THE PROBLEM
Restate the data below word for word, keeping each line intact.

┏━━

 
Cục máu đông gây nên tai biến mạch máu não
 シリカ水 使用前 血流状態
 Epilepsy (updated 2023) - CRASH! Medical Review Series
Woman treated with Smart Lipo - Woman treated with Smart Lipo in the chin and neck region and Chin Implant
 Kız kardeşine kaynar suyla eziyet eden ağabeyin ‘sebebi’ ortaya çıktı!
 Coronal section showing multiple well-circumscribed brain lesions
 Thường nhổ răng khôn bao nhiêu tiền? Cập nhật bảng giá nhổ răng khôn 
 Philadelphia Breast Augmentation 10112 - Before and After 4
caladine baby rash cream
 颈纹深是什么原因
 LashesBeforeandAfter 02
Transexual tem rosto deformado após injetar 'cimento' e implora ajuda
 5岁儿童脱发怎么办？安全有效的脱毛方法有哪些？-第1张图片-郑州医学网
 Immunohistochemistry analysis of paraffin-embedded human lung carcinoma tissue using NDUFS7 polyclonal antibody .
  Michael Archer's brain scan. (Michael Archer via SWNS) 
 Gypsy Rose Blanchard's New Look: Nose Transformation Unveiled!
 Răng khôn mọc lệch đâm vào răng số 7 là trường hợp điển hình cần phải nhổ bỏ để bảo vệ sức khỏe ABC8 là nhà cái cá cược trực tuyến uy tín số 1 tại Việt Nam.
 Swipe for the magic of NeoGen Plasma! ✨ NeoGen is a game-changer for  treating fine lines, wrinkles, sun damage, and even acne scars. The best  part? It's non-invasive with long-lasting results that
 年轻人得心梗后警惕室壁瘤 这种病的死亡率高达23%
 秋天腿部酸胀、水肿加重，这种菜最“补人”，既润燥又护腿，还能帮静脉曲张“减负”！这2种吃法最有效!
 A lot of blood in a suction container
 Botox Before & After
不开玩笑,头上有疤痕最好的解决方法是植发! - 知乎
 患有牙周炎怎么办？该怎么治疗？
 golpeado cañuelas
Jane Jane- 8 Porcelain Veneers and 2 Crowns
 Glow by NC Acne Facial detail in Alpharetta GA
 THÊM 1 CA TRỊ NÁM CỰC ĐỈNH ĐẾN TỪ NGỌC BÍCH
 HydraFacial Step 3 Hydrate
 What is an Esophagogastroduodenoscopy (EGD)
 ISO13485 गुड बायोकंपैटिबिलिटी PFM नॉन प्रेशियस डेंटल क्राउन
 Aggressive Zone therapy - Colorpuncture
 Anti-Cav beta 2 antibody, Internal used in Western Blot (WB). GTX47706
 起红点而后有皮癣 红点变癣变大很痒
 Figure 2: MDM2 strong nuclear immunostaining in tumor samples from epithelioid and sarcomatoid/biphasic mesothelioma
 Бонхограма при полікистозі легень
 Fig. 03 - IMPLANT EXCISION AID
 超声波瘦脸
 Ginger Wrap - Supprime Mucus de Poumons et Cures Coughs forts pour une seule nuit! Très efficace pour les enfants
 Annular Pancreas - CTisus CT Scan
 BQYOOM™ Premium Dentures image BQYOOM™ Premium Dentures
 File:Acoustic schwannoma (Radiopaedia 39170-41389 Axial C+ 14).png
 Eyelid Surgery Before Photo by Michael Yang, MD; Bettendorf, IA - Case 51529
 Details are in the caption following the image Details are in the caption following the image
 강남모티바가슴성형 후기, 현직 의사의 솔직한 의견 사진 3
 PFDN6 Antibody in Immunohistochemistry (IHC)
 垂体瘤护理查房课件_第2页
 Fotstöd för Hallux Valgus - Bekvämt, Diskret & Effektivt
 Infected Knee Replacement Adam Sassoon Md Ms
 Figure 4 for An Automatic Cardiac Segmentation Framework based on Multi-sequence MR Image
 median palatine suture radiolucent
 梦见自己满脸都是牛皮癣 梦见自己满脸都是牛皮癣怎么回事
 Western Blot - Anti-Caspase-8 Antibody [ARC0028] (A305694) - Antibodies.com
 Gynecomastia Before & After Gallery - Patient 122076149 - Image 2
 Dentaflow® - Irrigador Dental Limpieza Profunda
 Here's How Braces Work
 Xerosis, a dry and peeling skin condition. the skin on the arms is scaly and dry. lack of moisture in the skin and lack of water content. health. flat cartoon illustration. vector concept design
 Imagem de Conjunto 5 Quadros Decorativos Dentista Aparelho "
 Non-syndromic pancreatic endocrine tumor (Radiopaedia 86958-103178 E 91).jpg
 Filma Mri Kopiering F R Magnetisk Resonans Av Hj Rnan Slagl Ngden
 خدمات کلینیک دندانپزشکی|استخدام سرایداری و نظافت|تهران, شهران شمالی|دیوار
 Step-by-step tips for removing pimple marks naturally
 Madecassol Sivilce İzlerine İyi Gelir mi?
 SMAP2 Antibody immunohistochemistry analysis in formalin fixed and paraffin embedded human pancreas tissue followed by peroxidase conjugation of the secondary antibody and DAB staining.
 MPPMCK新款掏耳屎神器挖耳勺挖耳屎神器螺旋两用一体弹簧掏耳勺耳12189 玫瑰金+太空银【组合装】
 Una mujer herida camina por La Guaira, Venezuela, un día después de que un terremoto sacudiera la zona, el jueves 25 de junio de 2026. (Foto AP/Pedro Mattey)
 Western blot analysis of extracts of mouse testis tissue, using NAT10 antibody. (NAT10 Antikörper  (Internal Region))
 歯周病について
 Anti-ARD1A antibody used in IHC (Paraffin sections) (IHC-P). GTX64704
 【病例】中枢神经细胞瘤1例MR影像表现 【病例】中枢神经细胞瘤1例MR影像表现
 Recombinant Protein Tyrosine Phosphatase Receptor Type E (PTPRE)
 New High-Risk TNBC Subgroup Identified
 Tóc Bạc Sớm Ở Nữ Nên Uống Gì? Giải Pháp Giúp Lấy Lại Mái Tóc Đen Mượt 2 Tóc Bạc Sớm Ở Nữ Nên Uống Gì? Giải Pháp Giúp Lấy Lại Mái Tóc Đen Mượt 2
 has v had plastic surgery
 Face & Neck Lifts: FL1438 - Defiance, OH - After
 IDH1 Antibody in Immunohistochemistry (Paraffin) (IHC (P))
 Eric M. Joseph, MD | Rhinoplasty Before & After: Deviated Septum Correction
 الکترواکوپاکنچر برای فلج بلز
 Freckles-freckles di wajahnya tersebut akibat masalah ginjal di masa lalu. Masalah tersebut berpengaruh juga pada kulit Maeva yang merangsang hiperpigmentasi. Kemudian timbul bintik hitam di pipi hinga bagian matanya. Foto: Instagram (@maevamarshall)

┗━━

PROBLEM SOLUTION
Cục máu đông gây nên tai biến mạch máu não
 シリカ水 使用前 血流状態
 Epilepsy (updated 2023) - CRASH! Medical Review Series
Woman treated with Smart Lipo - Woman treated with Smart Lipo in the chin and neck region and Chin Implant
 Kız kardeşine kaynar suyla eziyet eden ağabeyin ‘sebebi’ ortaya çıktı!
 Coronal section showing multiple well-circumscribed brain lesions
 Thường nhổ răng khôn bao nhiêu tiền? Cập nhật bảng giá nhổ răng khôn 
 Philadelphia Breast Augmentation 10112 - Before and After 4
caladine baby rash cream
 颈纹深是什么原因
 LashesBeforeandAfter 02
Transexual tem rosto deformado após injetar 'cimento' e implora ajuda
 5岁儿童脱发怎么办？安全有效的脱毛方法有哪些？-第1张图片-郑州医学网
 Immunohistochemistry analysis of paraffin-embedded human lung carcinoma tissue using NDUFS7 polyclonal antibody .
  Michael Archer's brain scan. (Michael Archer via SWNS) 
 Gypsy Rose Blanchard's New Look: Nose Transformation Unveiled!
 Răng khôn mọc lệch đâm vào răng số 7 là trường hợp điển hình cần phải nhổ bỏ để bảo vệ sức khỏe ABC8 là nhà cái cá cược trực tuyến uy tín số 1 tại Việt Nam.
 Swipe for the magic of NeoGen Plasma! ✨ NeoGen is a game-changer for  treating fine lines, wrinkles, sun damage, and even acne scars. The best  part? It's non-invasive with long-lasting results that
 年轻人得心梗后警惕室壁瘤 这种病的死亡率高达23%
 秋天腿部酸胀、水肿加重，这种菜最“补人”，既润燥又护腿，还能帮静脉曲张“减负”！这2种吃法最有效!
 A lot of blood in a suction container
 Botox Before & After
不开玩笑,头上有疤痕最好的解决方法是植发! - 知乎
 患有牙周炎怎么办？该怎么治疗？
 golpeado cañuelas
Jane Jane- 8 Porcelain Veneers and 2 Crowns
 Glow by NC Acne Facial detail in Alpharetta GA
 THÊM 1 CA TRỊ NÁM CỰC ĐỈNH ĐẾN TỪ NGỌC BÍCH
 HydraFacial Step 3 Hydrate
 What is an Esophagogastroduodenoscopy (EGD)
 ISO13485 गुड बायोकंपैटिबिलिटी PFM नॉन प्रेशियस डेंटल क्राउन
 Aggressive Zone therapy - Colorpuncture
 Anti-Cav beta 2 antibody, Internal used in Western Blot (WB). GTX47706
 起红点而后有皮癣 红点变癣变大很痒
 Figure 2: MDM2 strong nuclear immunostaining in tumor samples from epithelioid and sarcomatoid/biphasic mesothelioma
 Бонхограма при полікистозі легень
 Fig. 03 - IMPLANT EXCISION AID
 超声波瘦脸
 Ginger Wrap - Supprime Mucus de Poumons et Cures Coughs forts pour une seule nuit! Très efficace pour les enfants
 Annular Pancreas - CTisus CT Scan
 BQYOOM™ Premium Dentures image BQYOOM™ Premium Dentures
 File:Acoustic schwannoma (Radiopaedia 39170-41389 Axial C+ 14).png
 Eyelid Surgery Before Photo by Michael Yang, MD; Bettendorf, IA - Case 51529
 Details are in the caption following the image Details are in the caption following the image
 강남모티바가슴성형 후기, 현직 의사의 솔직한 의견 사진 3
 PFDN6 Antibody in Immunohistochemistry (IHC)
 垂体瘤护理查房课件_第2页
 Fotstöd för Hallux Valgus - Bekvämt, Diskret & Effektivt
 Infected Knee Replacement Adam Sassoon Md Ms
 Figure 4 for An Automatic Cardiac Segmentation Framework based on Multi-sequence MR Image
 median palatine suture radiolucent
 梦见自己满脸都是牛皮癣 梦见自己满脸都是牛皮癣怎么回事
 Western Blot - Anti-Caspase-8 Antibody [ARC0028] (A305694) - Antibodies.com
 Gynecomastia Before & After Gallery - Patient 122076149 - Image 2
 Dentaflow® - Irrigador Dental Limpieza Profunda
 Here's How Braces Work
 Xerosis, a dry and peeling skin condition. the skin on the arms is scaly and dry. lack of moisture in the skin and lack of water content. health. flat cartoon illustration. vector concept design
 Imagem de Conjunto 5 Quadros Decorativos Dentista Aparelho "
 Non-syndromic pancreatic endocrine tumor (Radiopaedia 86958-103178 E 91).jpg
 Filma Mri Kopiering F R Magnetisk Resonans Av Hj Rnan Slagl Ngden
 خدمات کلینیک دندانپزشکی|استخدام سرایداری و نظافت|تهران, شهران شمالی|دیوار
 Step-by-step tips for removing pimple marks naturally
 Madecassol Sivilce İzlerine İyi Gelir mi?
 SMAP2 Antibody immunohistochemistry analysis in formalin fixed and paraffin embedded human pancreas tissue followed by peroxidase conjugation of the secondary antibody and DAB staining.
 MPPMCK新款掏耳屎神器挖耳勺挖耳屎神器螺旋两用一体弹簧掏耳勺耳12189 玫瑰金+太空银【组合装】
 Una mujer herida camina por La Guaira, Venezuela, un día después de que un terremoto sacudiera la zona, el jueves 25 de junio de 2026. (Foto AP/Pedro Mattey)
 Western blot analysis of extracts of mouse testis tissue, using NAT10 antibody. (NAT10 Antikörper  (Internal Region))
 歯周病について
 Anti-ARD1A antibody used in IHC (Paraffin sections) (IHC-P). GTX64704
 【病例】中枢神经细胞瘤1例MR影像表现 【病例】中枢神经细胞瘤1例MR影像表现
 Recombinant Protein Tyrosine Phosphatase Receptor Type E (PTPRE)
 New High-Risk TNBC Subgroup Identified
 Tóc Bạc Sớm Ở Nữ Nên Uống Gì? Giải Pháp Giúp Lấy Lại Mái Tóc Đen Mượt 2 Tóc Bạc Sớm Ở Nữ Nên Uống Gì? Giải Pháp Giúp Lấy Lại Mái Tóc Đen Mượt 2
 has v had plastic surgery
 Face & Neck Lifts: FL1438 - Defiance, OH - After
 IDH1 Antibody in Immunohistochemistry (Paraffin) (IHC (P))
 Eric M. Joseph, MD | Rhinoplasty Before & After: Deviated Septum Correction
 الکترواکوپاکنچر برای فلج بلز
 Freckles-freckles di wajahnya tersebut akibat masalah ginjal di masa lalu. Masalah tersebut berpengaruh juga pada kulit Maeva yang merangsang hiperpigmentasi. Kemudian timbul bintik hitam di pipi hinga bagian matanya. Foto: Instagram (@maevamarshall)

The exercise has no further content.